On June 27, 2024, the Borrowers entered into the Tenth Loan Modification Agreement with Webster which amended the A&R Loan Agreement to, among other things: (i) provide for a new loan maturity date of June 29, 2025, (ii) provide that the applicable margin requirement for any revolving loan outstanding under the A&R Loan Agreement to 2.25%, (iii) provide that the maximum facility amount shall be $10,000,000 and (iv) to adjust certain definitions and terms related to the borrowing base and leverage ratios applicable to the A&R Loan Agreement.

On April 17, 2025, the Borrowers entered into the Eleventh Loan Modification Agreement with Webster which (i) amended the A&R Loan Agreement to provide for a new loan maturity date of June 28, 2026 and (ii) provided limited consent for the Company to declare dividends to shareholders for its fiscal year ending October 31, 2025.

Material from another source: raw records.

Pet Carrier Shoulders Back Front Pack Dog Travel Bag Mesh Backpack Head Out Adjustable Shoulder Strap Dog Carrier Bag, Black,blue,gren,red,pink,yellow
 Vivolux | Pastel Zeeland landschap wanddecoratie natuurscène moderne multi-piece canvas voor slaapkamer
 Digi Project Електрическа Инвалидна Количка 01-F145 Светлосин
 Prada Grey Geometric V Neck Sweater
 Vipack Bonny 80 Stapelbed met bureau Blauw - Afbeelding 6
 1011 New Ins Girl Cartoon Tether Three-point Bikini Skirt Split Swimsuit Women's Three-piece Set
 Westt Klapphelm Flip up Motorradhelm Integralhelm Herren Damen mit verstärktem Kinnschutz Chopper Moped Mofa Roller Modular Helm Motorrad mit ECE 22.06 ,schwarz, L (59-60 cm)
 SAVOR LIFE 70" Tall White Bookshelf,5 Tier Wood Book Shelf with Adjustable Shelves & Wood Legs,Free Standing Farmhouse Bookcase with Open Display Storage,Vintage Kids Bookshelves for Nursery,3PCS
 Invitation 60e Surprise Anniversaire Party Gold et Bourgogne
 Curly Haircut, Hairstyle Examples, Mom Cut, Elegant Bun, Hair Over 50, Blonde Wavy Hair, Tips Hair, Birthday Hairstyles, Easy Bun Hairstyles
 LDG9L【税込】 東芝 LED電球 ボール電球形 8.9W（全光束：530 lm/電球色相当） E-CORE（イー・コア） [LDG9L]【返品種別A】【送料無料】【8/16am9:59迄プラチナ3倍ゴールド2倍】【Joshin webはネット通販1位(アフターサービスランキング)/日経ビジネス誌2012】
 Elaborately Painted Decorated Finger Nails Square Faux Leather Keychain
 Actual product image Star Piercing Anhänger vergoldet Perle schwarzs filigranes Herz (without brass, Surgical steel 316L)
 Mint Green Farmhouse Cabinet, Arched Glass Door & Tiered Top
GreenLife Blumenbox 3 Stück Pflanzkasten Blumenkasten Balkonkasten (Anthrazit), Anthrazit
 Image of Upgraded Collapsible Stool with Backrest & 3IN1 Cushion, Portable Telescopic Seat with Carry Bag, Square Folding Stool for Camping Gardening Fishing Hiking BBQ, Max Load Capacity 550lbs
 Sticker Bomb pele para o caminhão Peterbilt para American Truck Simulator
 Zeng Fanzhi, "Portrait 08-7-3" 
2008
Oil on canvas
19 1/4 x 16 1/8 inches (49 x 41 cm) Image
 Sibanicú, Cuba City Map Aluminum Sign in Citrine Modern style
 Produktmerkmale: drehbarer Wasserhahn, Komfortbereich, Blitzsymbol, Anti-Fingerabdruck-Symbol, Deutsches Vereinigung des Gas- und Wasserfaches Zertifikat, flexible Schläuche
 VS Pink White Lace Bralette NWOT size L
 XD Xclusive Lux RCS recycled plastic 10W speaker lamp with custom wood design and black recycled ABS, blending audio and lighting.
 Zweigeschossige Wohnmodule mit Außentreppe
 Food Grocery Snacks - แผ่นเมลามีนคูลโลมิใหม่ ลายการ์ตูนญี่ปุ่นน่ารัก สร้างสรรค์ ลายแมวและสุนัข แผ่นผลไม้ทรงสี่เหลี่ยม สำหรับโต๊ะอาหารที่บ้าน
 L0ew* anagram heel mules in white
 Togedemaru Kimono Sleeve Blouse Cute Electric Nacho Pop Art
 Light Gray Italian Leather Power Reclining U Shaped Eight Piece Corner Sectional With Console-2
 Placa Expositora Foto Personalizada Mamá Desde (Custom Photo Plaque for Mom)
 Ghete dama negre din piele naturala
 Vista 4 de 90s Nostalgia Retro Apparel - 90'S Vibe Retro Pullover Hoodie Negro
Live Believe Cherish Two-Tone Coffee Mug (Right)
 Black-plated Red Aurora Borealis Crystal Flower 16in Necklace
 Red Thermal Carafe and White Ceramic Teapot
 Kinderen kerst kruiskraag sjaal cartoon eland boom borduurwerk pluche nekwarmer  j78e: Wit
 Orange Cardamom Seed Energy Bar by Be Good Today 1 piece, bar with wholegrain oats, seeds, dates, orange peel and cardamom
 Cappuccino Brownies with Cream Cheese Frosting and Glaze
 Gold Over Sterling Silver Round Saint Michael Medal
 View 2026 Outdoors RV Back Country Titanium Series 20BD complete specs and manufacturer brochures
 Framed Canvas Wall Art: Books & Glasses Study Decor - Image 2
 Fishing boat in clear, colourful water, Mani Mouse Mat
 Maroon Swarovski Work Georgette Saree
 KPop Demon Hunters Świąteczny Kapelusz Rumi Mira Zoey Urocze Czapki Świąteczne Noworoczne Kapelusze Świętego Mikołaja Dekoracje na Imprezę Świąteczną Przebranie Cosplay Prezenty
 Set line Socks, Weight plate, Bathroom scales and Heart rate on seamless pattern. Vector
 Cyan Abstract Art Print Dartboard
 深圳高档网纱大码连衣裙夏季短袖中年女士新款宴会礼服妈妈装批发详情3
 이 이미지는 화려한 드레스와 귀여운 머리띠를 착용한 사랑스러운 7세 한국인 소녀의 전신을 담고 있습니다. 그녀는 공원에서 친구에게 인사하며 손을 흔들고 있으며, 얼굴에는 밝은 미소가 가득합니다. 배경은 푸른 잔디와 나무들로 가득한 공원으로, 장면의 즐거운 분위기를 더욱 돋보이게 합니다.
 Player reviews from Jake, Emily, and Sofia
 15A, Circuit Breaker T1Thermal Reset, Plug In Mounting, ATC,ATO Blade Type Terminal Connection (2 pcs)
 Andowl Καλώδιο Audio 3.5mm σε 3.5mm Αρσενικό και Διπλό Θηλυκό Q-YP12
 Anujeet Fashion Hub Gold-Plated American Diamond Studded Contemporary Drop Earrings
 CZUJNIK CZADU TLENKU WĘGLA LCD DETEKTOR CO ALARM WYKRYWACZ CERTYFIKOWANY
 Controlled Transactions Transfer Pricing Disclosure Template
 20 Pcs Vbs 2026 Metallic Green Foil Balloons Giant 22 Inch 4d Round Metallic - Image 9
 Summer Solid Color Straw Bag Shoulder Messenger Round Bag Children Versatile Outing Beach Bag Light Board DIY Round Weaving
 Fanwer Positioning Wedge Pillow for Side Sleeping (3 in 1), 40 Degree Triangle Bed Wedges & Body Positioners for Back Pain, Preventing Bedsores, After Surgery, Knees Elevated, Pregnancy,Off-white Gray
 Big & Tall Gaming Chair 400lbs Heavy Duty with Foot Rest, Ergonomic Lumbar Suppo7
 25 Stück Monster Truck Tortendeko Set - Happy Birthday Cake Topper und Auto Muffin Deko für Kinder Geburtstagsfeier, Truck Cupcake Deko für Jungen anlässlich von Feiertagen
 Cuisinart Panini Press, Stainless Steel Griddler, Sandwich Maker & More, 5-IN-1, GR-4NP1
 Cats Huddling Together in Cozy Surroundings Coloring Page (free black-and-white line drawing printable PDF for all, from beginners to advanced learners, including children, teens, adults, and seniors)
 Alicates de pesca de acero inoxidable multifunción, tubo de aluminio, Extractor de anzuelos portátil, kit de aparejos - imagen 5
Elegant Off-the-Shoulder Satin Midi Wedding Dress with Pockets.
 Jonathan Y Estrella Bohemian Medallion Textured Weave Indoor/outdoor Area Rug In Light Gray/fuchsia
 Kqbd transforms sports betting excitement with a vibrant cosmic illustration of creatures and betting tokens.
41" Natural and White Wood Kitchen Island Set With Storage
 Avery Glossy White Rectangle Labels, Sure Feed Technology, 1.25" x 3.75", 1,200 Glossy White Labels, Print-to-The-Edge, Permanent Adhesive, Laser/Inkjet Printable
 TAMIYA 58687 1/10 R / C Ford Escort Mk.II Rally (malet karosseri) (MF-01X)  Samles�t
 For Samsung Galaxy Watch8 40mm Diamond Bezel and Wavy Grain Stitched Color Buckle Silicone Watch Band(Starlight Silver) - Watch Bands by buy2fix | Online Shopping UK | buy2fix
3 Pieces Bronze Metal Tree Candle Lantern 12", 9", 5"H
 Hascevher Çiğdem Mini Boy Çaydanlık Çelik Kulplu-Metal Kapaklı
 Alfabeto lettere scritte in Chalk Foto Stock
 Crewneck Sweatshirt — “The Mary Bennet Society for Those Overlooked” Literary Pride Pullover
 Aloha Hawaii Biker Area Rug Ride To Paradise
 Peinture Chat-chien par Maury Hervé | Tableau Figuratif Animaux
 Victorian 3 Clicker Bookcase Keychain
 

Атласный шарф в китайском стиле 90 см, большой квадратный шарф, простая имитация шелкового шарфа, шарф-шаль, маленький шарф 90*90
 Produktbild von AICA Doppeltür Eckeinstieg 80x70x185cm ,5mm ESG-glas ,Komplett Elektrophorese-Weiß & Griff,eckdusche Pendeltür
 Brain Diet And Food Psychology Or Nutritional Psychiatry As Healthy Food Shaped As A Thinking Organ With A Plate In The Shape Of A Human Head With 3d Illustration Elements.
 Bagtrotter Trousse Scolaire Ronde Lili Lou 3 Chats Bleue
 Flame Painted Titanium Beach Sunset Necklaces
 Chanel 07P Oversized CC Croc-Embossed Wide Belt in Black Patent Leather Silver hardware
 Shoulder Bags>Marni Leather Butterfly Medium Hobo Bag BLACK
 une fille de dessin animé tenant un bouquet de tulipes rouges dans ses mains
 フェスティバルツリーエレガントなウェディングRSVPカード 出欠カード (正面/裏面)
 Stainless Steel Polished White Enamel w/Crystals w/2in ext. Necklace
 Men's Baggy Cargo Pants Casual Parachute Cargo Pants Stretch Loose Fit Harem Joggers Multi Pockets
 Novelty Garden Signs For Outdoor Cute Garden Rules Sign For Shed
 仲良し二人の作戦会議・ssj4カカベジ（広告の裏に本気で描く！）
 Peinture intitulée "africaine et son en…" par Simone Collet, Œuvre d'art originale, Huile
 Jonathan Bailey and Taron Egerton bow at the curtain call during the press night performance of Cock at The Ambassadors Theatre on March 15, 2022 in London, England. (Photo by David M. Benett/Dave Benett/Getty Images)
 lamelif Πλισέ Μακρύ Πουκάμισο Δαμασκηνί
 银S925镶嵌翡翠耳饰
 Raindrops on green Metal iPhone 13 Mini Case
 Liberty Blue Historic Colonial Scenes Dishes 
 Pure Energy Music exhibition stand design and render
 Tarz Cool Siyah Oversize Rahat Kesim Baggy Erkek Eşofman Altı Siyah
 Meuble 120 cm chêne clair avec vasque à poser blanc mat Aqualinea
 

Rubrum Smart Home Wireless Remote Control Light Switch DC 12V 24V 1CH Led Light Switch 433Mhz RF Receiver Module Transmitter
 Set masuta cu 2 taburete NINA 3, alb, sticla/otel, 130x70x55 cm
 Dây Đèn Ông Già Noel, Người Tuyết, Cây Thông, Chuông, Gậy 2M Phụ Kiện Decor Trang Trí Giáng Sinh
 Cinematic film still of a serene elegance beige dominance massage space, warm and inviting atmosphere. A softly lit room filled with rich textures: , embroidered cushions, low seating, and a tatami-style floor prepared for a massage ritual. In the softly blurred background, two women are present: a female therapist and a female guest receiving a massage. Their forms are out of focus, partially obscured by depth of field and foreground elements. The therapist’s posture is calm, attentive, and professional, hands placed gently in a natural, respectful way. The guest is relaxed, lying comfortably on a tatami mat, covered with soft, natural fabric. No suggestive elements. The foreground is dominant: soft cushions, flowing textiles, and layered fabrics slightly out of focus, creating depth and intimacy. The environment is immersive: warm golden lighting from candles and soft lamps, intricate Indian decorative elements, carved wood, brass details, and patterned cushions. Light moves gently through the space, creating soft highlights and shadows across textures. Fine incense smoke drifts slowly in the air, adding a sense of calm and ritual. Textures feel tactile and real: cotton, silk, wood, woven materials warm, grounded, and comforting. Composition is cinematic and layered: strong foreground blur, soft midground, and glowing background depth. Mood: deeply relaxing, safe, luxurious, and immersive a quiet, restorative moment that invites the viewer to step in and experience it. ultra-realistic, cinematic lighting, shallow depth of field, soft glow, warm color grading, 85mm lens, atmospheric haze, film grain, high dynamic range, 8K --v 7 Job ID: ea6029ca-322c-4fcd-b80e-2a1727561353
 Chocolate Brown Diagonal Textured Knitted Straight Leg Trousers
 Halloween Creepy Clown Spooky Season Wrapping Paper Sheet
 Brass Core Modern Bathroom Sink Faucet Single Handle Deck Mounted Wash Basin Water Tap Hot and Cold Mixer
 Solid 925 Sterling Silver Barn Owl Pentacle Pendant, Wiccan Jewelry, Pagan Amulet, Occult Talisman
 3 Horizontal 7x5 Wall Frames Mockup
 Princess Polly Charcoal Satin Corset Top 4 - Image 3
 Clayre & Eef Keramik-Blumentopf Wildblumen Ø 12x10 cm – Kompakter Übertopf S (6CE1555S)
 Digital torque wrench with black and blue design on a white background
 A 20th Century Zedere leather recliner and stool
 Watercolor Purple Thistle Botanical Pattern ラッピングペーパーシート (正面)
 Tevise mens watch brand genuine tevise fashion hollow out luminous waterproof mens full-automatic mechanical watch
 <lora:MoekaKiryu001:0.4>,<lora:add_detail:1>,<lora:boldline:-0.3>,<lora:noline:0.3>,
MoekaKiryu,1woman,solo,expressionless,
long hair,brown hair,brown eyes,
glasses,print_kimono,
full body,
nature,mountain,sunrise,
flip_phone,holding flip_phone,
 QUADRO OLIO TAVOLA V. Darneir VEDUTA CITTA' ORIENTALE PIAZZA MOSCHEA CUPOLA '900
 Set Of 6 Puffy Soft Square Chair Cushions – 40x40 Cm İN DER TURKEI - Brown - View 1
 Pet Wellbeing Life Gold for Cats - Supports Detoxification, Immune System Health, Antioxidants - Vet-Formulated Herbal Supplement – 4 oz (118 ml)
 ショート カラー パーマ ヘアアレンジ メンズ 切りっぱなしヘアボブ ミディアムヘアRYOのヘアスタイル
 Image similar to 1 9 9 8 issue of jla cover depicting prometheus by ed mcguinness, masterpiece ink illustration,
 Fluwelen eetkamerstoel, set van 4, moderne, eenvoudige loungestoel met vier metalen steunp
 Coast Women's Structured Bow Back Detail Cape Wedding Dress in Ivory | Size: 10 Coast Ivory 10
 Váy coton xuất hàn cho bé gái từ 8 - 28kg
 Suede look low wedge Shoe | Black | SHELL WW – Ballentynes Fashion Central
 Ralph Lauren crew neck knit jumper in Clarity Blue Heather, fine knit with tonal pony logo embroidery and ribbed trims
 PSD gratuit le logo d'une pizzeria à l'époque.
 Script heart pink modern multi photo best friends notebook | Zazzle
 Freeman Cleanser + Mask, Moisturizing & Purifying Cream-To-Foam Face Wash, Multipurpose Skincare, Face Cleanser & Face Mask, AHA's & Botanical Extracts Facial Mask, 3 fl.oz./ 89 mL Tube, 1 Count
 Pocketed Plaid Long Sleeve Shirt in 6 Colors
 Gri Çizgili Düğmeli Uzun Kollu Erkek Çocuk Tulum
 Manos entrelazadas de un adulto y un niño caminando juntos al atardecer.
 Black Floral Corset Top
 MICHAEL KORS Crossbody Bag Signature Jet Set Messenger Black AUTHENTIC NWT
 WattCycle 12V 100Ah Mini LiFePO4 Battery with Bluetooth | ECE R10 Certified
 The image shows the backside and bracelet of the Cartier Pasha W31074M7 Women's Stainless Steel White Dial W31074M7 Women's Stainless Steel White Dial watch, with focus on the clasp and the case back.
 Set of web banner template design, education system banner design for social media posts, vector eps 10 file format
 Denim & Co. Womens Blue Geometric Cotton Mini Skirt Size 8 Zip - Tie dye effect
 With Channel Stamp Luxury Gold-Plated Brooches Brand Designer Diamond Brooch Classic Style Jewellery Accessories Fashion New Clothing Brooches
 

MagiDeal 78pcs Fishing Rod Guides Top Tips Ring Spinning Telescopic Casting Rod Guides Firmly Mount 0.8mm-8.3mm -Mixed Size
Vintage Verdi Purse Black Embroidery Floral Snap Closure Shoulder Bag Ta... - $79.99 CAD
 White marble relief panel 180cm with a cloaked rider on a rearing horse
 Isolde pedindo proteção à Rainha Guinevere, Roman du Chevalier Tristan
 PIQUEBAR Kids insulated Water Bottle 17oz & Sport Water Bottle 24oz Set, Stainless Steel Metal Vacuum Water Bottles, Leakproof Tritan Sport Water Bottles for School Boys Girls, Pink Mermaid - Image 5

Each of the A&R Loan Facility and A&R Loan Agreement contains covenants, subject to certain exceptions, that place annual restrictions on the Borrowers' operations, including covenants relating to debt restrictions, capital expenditures, indebtedness, minimum deposit restrictions, tangible net worth, net profit, leverage, employee loan restrictions, dividend and repurchase restrictions (common stock and preferred stock), and restrictions on intercompany transactions. The outstanding balance on our line of credit was $6,250,000 and $0 as of July 31, 2025 and October 31, 2024, respectively.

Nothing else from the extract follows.